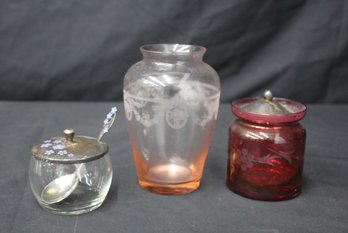 Set Of 3 Vintage Glassware Pieces -  Etched, And Cranberry Glass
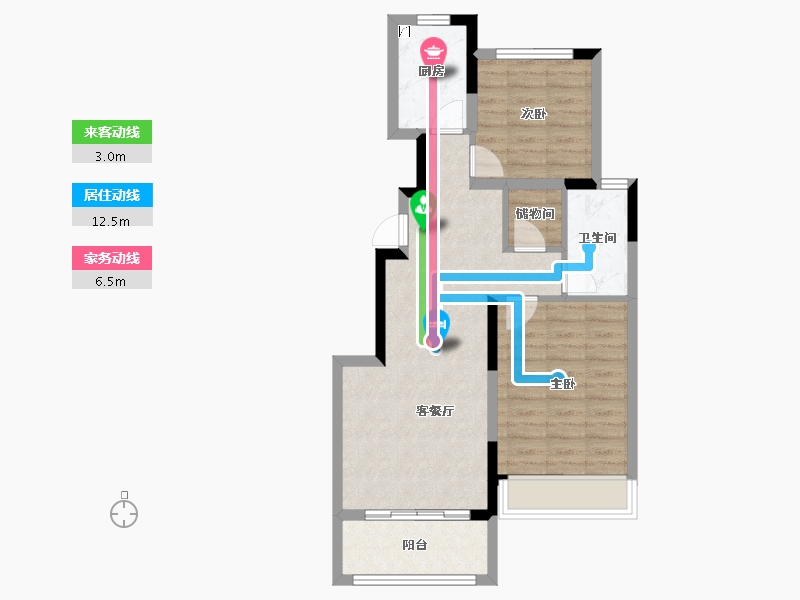 河南省-郑州市-兴港永威·和园​-64.70-户型库-动静线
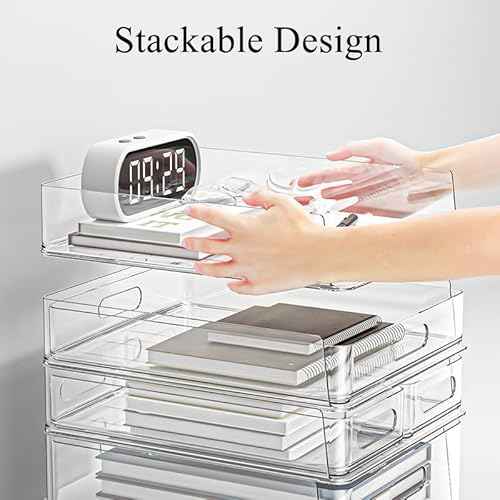 MineSign 6Pack Desk Organizer with Drawers Stackable Paper Letter Tray for Office Organization Multi-functional Plastic Storage Box for Office Supplies Makeup Jewelry Beauty Accessories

**Work required**
Your copy should hold exactly and only the lines from the one containing "河南省-郑州市-兴港永威·和园​-64.70-户型库-动静线" through the end of the material, inclusive, repeated word for word and without pictures.

**Response for this exercise**
 河南省-郑州市-兴港永威·和园​-64.70-户型库-动静线
 MineSign 6Pack Desk Organizer with Drawers Stackable Paper Letter Tray for Office Organization Multi-functional Plastic Storage Box for Office Supplies Makeup Jewelry Beauty Accessories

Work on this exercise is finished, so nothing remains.